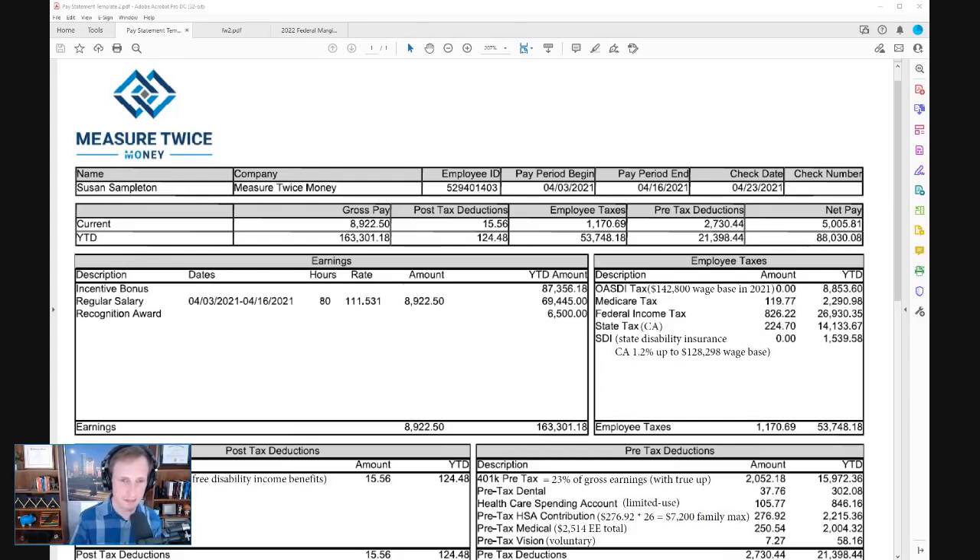This is the Measure Twice Money branded pay statement that I've created to really show you — to go deeper into understanding what types of things we should be looking for. We're going to look at everything on the statement, but there are three things we're really going to dig deeper into, which are earnings, deductions, and taxes.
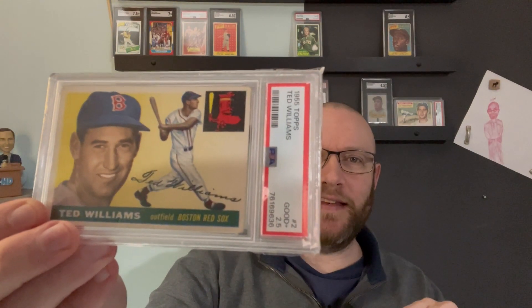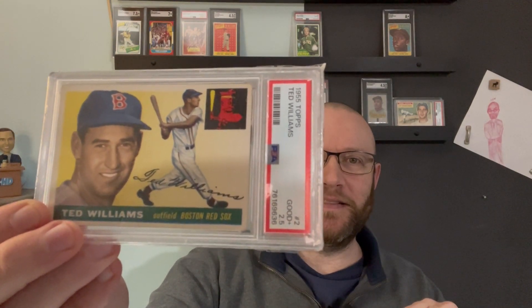Heavy on Red Sox here. Got the '55 Ted. I love the half grades.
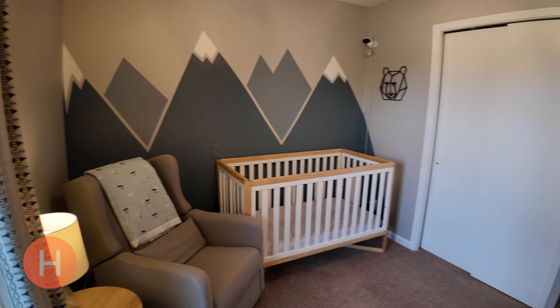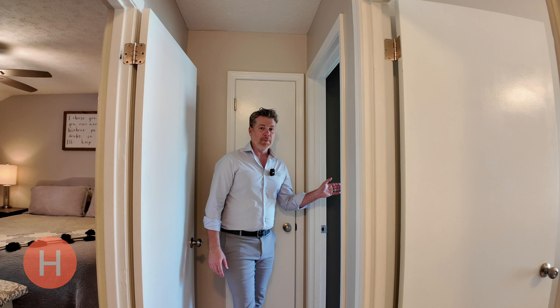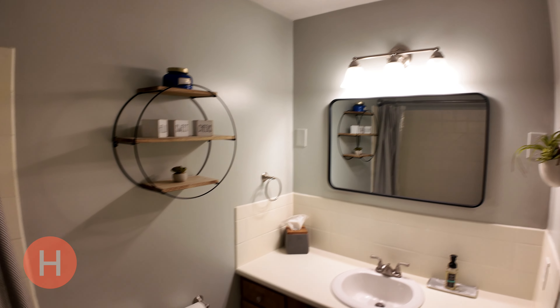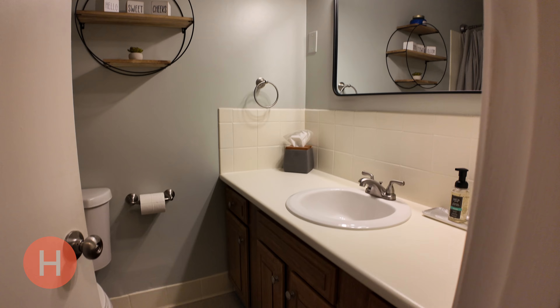So we have a bedroom here, and a little further down, right here, this bedroom is currently being used as an office. Right across the hall is the hall bathroom, and it is complete with a bathtub and fresh paint.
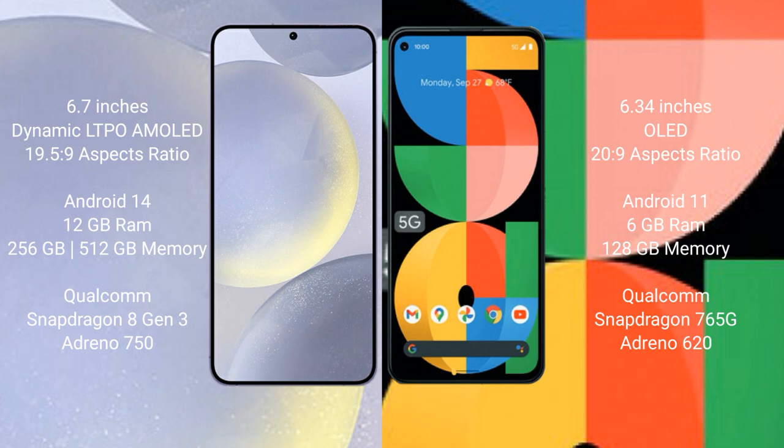The Samsung Galaxy S24 Plus runs on the Android 14 operating system, while the Google Pixel 5a runs on the Android 11 operating system. The Samsung Galaxy S24 Plus comes with 12GB of RAM and 256GB or 512GB of internal storage.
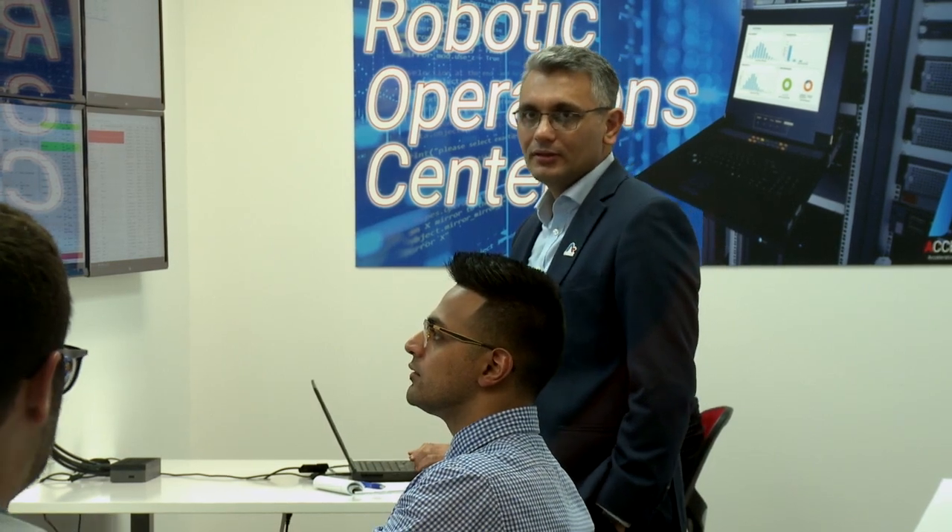As head of the Accelerate ROC program, my focus is on building a consistent and scalable robotic operations model for our global ROC network. Accelerate is unique in the space as we not only manage and operate our clients' ROC, but also optimize their automation programs using internally developed solutions such as our intelligent bot scheduler and various other techniques and strategies. A ROC is built to adapt to market changes and is centered around continuously improving techniques and strategies.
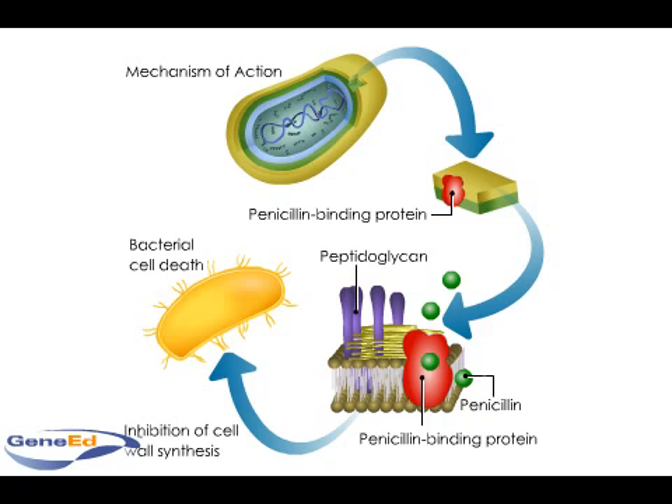Semi-synthetic penicillins, which are chemically synthesized analogs, are effective against many gram-negative bacilli. Penicillin-G is the first commercially available penicillin. It is poorly absorbed when administered orally due to acid inactivation in the stomach, but well absorbed if administered intramuscularly.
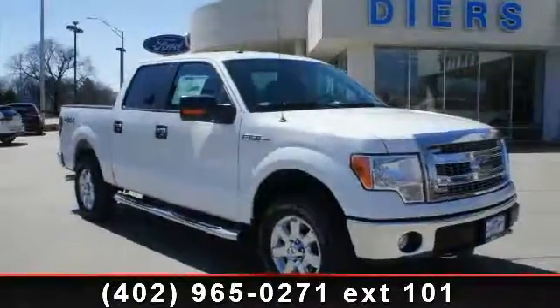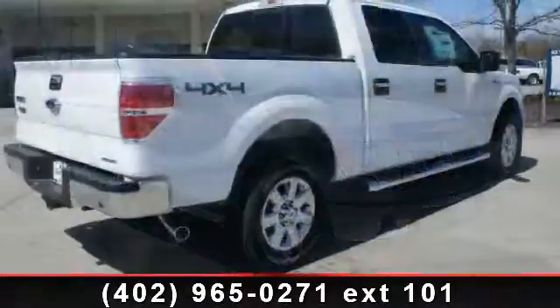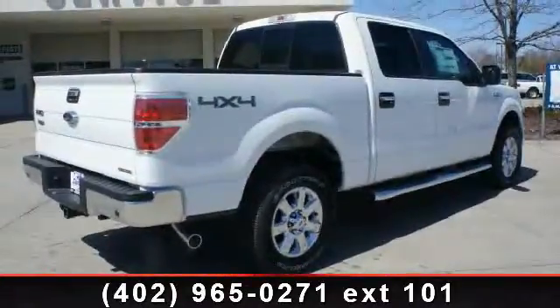Check out this 2013 Ford F-150 XLT. If you are looking for an automobile with great features, look no further.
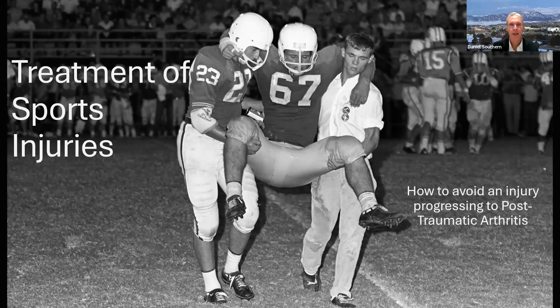All right, let's get started. Good evening. My name is Daniel Southern. My practice is known as Interventional Orthopedics CT. We're in Connecticut. Tonight we're going to talk about the treatment of sports injuries and how to avoid an injury progressing to post-traumatic arthritis. We'll discuss exactly what that is. We're going to introduce you to a lot of new terms tonight and ultimately to a whole new field of medicine — that's really the point of tonight's presentation.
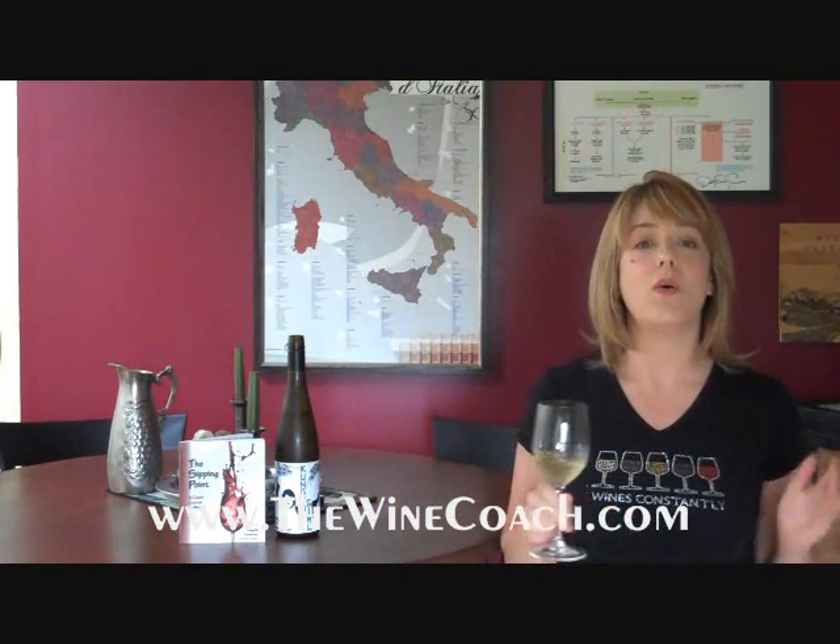Hi, I'm Laurie Forster, The Wine Coach, and I'm a wine educator and author of The Sipping Point. Whether it's in my book, on my radio show, or speaking live to wine lovers like you, my mission is to demystify wine one glass at a time.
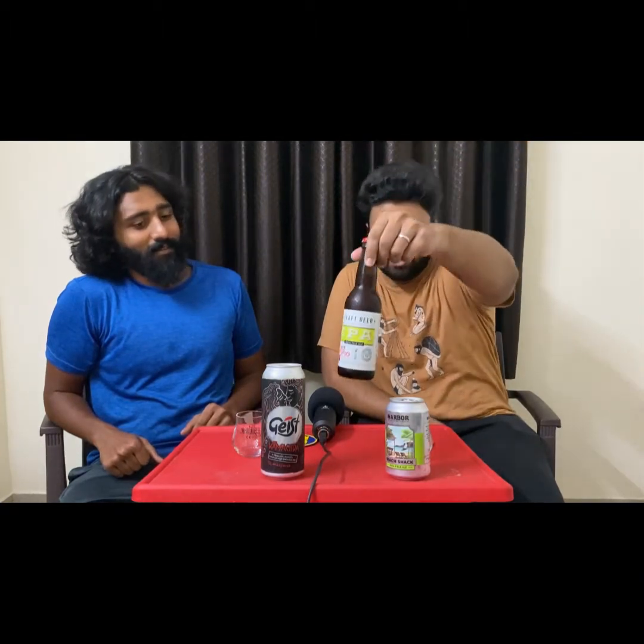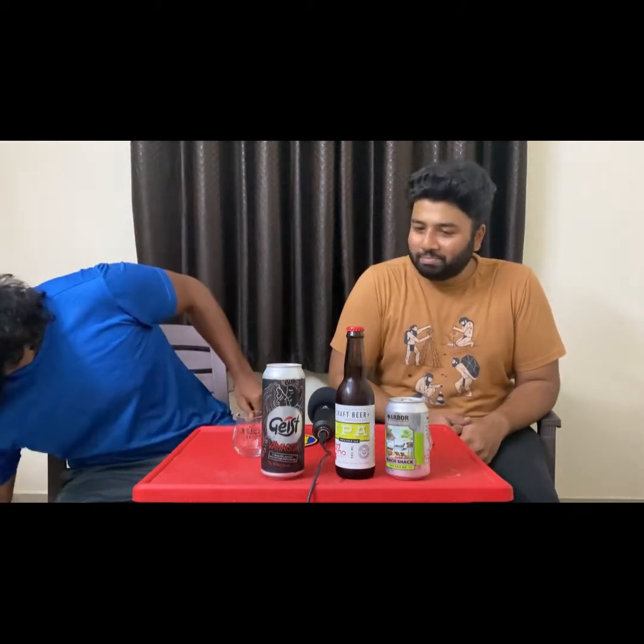I got an IPA by Red Rhino — that's quite new to the market, batch two, and I'm really excited for this. And I got something else — the newest IPA from Bira. You can probably call it an IPA and not Indian Pale Ale, and don't get confused with their Pomelo Indian Pale Ale, which is not what this is.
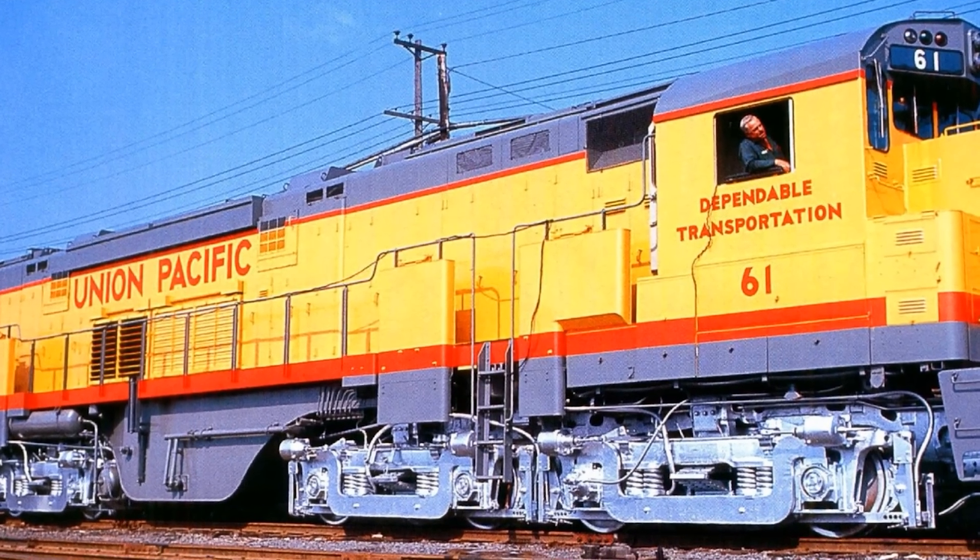That was the Alco Century 855. Three units built, the entire three-unit set suffered a catastrophic electrical failure on its first run, and within eight years, every single one was cut up for scrap.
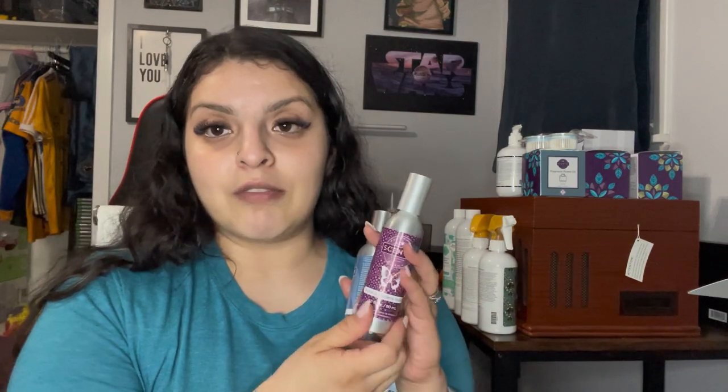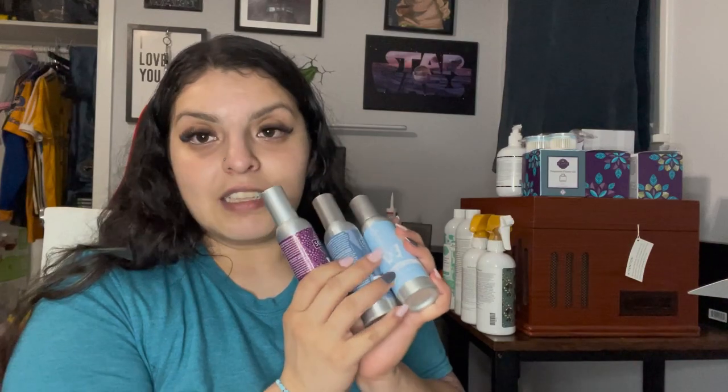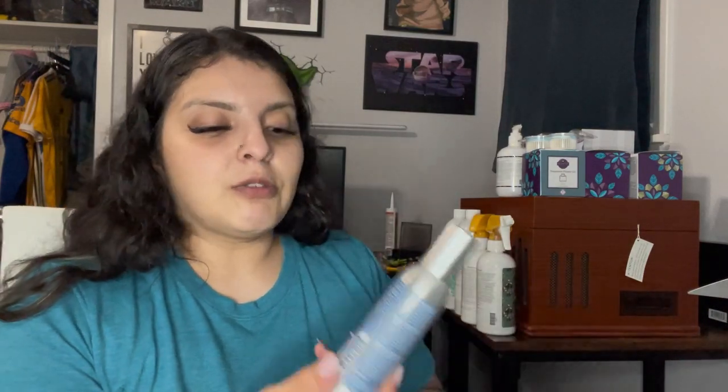Then I got three room sprays. I got Polar Bear Hug — my favorite one — Mystery Man, and Black Raspberry Vanilla. These are my three favorites from the Fall Winter Catalog. My husband was so excited about Mystery Man — he said he was going to use it as a cologne because it smells like man cologne. So if you like that kind of scent, Mystery Man is what I recommend.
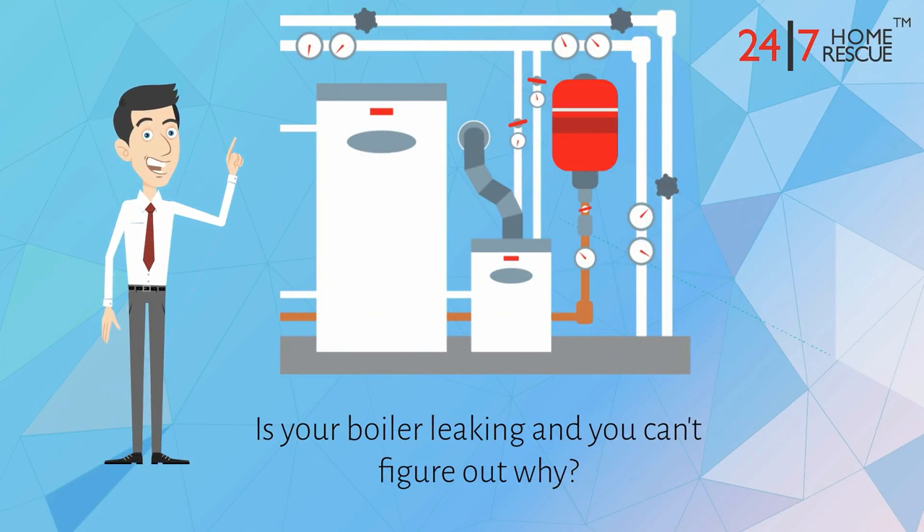Is your boiler leaking and you can't figure out why? This short video will help you to identify the problem.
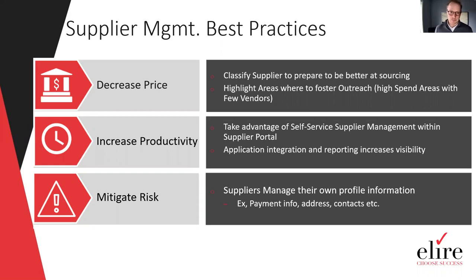With supplier management in Oracle Cloud, we can classify your supplier base and get better at preparing for sourcing by having clean data in a unified model shared across all functional areas. With self-service tools within the application, suppliers can manage their own data through a supplier portal that Oracle offers. Suppliers can manage their own profile information, reducing risk to you as they are responsible for ensuring payment information, addresses, and points of contact are up-to-date, and potentially even initiating invoicing from there.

▶ Required work
Up to and including the line that holds "Check out this", restate word for word each line of the records from their start, and only those lines, leaving out the pictures.

▶ Reply to the task
This is the Measure Twice Money branded pay statement that I've created to really show you — to go deeper into understanding what types of things we should be looking for. We're going to look at everything on the statement, but there are three things we're really going to dig deeper into, which are earnings, deductions, and taxes.
Heavy on Red Sox here. Got the '55 Ted. I love the half grades.
So we have a bedroom here, and a little further down, right here, this bedroom is currently being used as an office. Right across the hall is the hall bathroom, and it is complete with a bathtub and fresh paint.
The Samsung Galaxy S24 Plus runs on the Android 14 operating system, while the Google Pixel 5a runs on the Android 11 operating system. The Samsung Galaxy S24 Plus comes with 12GB of RAM and 256GB or 512GB of internal storage.
As head of the Accelerate ROC program, my focus is on building a consistent and scalable robotic operations model for our global ROC network. Accelerate is unique in the space as we not only manage and operate our clients' ROC, but also optimize their automation programs using internally developed solutions such as our intelligent bot scheduler and various other techniques and strategies. A ROC is built to adapt to market changes and is centered around continuously improving techniques and strategies.
Semi-synthetic penicillins, which are chemically synthesized analogs, are effective against many gram-negative bacilli. Penicillin-G is the first commercially available penicillin. It is poorly absorbed when administered orally due to acid inactivation in the stomach, but well absorbed if administered intramuscularly.
Check out this 2013 Ford F-150 XLT. If you are looking for an automobile with great features, look no further.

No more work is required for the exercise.